Tyndale Academy was an independent, fee-paying tuition group in East London for children aged 4 to 11 years of age. The academy, based at the Hope Baptist Chapel had an evangelical Christian ethos but accepted children from all faiths or none. It was established in 1999 and was named after the English church reformer William Tyndale who as well as being a Bible translator was a tutor of children.

==Corporal punishment==
During its operation Tyndale Academy was one of a very small number of educational settings in the United Kingdom that still condoned corporal punishment as part of its sanctions policy. Although corporal punishment was banned in the United Kingdom schools, Tyndale Academy was able to continue the practise legally as pupils only attended on a part-time basis. As institutions whose pupils attend for less than 21 hours per week do not fall under the legal definition of a school, they are unaffected by the law preventing the use of corporal punishment.

This practice caused controversy in 2008 when the government discussed proposals in the Education and Skills Bill 2007 which would embrace Tyndale Academy as an independent educational institution and so render its discipline policy illegal.

==After the 2008 Education and Skills Bill==
Following the passing into law of the Education and Skills Bill (2008) Tyndale continued to operate.

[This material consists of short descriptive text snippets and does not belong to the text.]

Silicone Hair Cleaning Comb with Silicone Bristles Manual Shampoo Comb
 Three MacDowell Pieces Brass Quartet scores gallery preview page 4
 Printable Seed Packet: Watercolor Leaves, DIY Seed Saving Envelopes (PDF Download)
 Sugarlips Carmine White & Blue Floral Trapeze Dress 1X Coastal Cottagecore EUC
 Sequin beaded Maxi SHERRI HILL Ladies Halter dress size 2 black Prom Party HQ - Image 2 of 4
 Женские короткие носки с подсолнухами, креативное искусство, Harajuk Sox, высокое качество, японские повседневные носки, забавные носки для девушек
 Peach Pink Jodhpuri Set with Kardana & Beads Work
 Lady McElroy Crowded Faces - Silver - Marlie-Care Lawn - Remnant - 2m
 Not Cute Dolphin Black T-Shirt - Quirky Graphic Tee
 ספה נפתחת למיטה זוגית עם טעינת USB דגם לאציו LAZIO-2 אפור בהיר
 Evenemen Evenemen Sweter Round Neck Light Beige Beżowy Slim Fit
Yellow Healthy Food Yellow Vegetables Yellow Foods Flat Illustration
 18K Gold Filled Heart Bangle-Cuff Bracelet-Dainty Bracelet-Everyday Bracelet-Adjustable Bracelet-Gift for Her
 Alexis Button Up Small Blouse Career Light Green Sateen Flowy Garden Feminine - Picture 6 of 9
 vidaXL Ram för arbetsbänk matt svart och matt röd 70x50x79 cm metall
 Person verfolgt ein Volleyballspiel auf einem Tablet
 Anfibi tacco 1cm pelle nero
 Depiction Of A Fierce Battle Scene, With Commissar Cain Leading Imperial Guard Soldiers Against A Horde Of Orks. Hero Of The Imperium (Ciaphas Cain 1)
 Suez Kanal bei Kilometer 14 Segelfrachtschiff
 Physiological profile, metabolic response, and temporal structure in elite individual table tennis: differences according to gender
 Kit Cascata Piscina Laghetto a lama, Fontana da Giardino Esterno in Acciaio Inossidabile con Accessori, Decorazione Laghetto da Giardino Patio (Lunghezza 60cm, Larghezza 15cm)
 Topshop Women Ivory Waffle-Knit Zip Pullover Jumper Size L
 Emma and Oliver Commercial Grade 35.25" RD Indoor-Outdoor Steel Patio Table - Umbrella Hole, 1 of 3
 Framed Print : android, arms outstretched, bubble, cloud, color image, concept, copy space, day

Over a year after the enactment of the Bill, the DCSF had not undertaken the consultation process which would establish the regulatory framework defining Independent Educational Institutions. This has theoretically meant that it has been possible for Tyndale to continue without any substantive changes to its provision. Draft versions of the Regulations state that the Department is minded to count breaktimes, assemblies and lunch hours as "time during which education is provided". This would break with the criteria that is strictly applied to all state run and independent schools.
The Department for Children Schools and Families held 11 box files of material on Tyndale the bulk of which it refused to release, arguing legal and ministerial exemptions..

An in depth interview with Ferris Lindsay, Tyndale's proprietor, took place in the Times Educational Supplement on 20 November 2009. In it, his views on corporal punishment and the more broader matters of what motivated him in establishing Tyndale are discussed.